Personally I consider it unfair to specifically pick out just those four because there are others, but what is true is that the number is very limited.  It is also not just accounting, but also other professional fields.  Regardless of the totality the preferred advisor group is, in the big scheme of things, very small.

What is also interesting though is the fact that many of this same group boast the provision of significant guidance and professional services to government, and in particular the regulatory bodies being highlighted in the Hayne Royal Commission.

Beyond this at least some of the regulatory bodies have had employees of these firms on board as ‘seconded staff’, which interestingly would have also been the case within the banking fraternity.  I certainly can’t quote an example of someone who was seconded to both a bank and a government department, but the potential existence of same leaves the mind boggling!

Going even further, former employees of these advisers are welcomed into the Public Service and may remain therein, but are also just as likely to later return to the halls of public practice.

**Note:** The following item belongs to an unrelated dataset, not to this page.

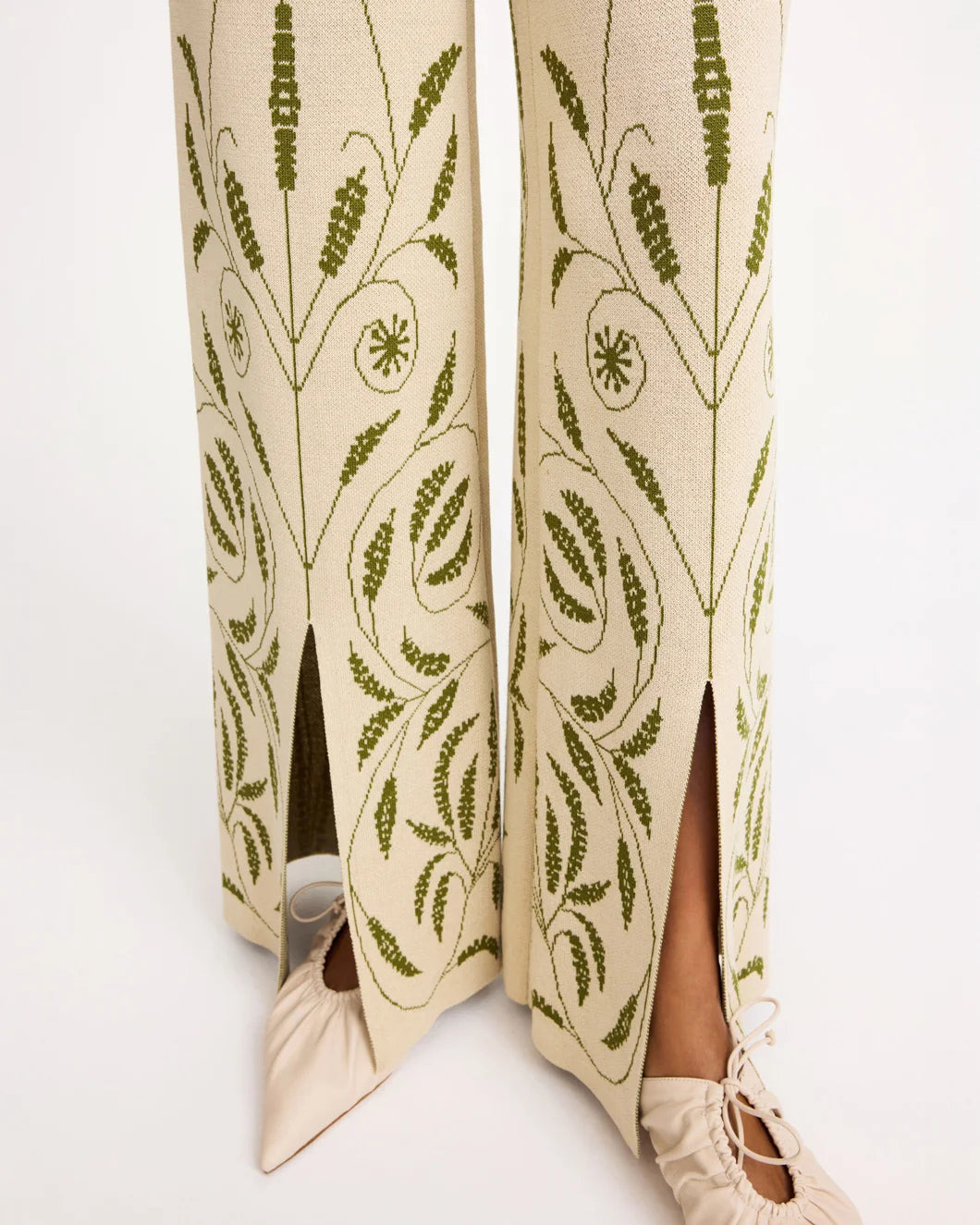 JORITH WIDE-LEG TROUSER - 4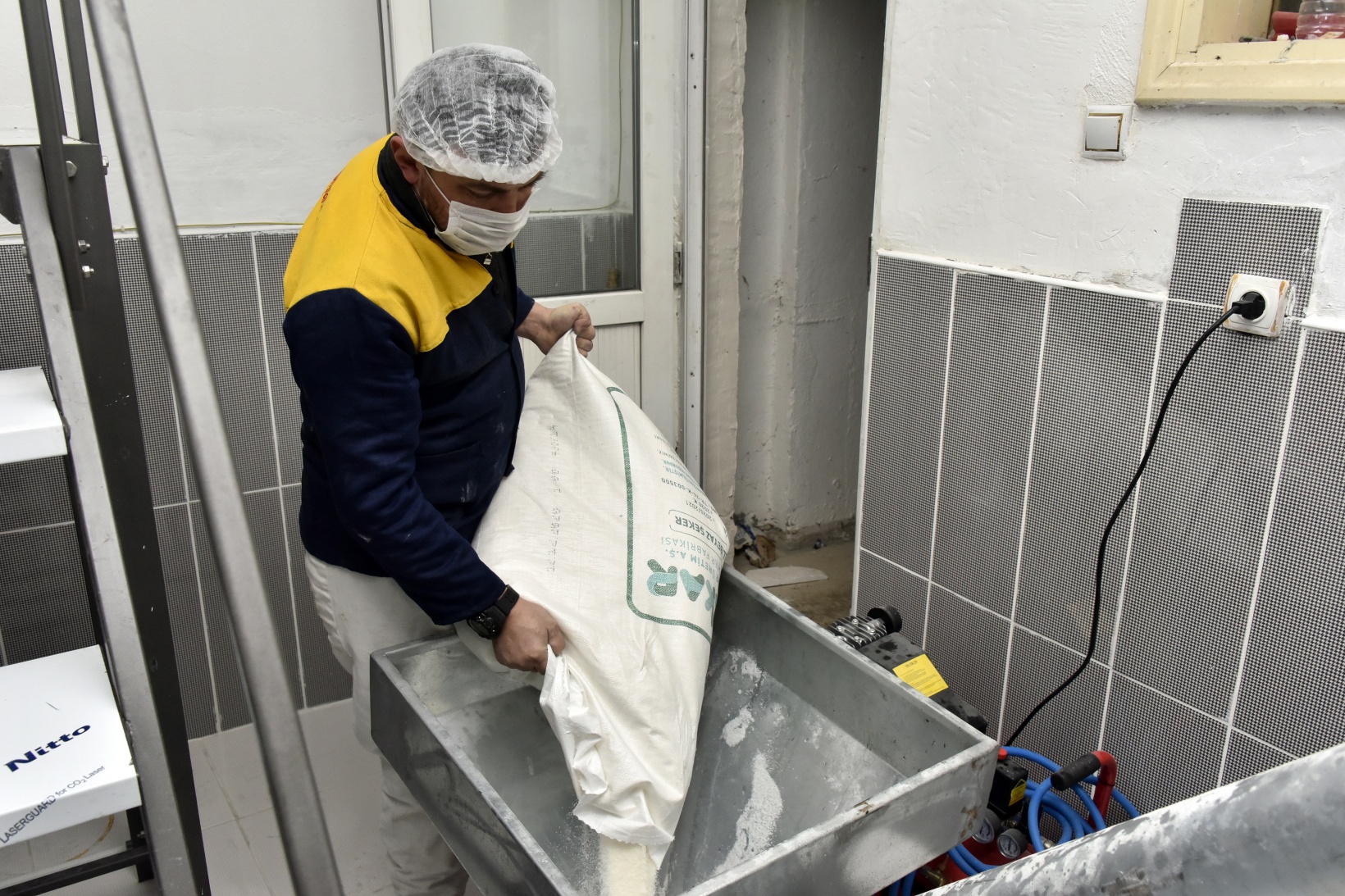 Sattığı ürünleri “Ben yaparım” diyerek üretmeye başladı 6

I know in my role I have had to deal with situations where the advisors to the banks got things seriously wrong.  The thing that always puzzled me was, that notwithstanding the seriousness of the error, the same advisors were still on the relevant panel twelve (and more) months later.  If I hiccupped in the wrong place I was made very aware of the fragility of my position; it’s just the way it went.   As an example of the sentiment, a reportedly true story involved one of the other members of my profession who when confronted by the stance of a bank on the occasion in question, turned around and dropped his trousers, bent over and uttered words to the effect of “if you’re going to do it, you might as well do it properly”.  There was no response.

The void highlighted by the interim report is the absence of information of who guided, advised and designed the activities of the key players.  No doubt though, that will make the future volumes even more interesting to read.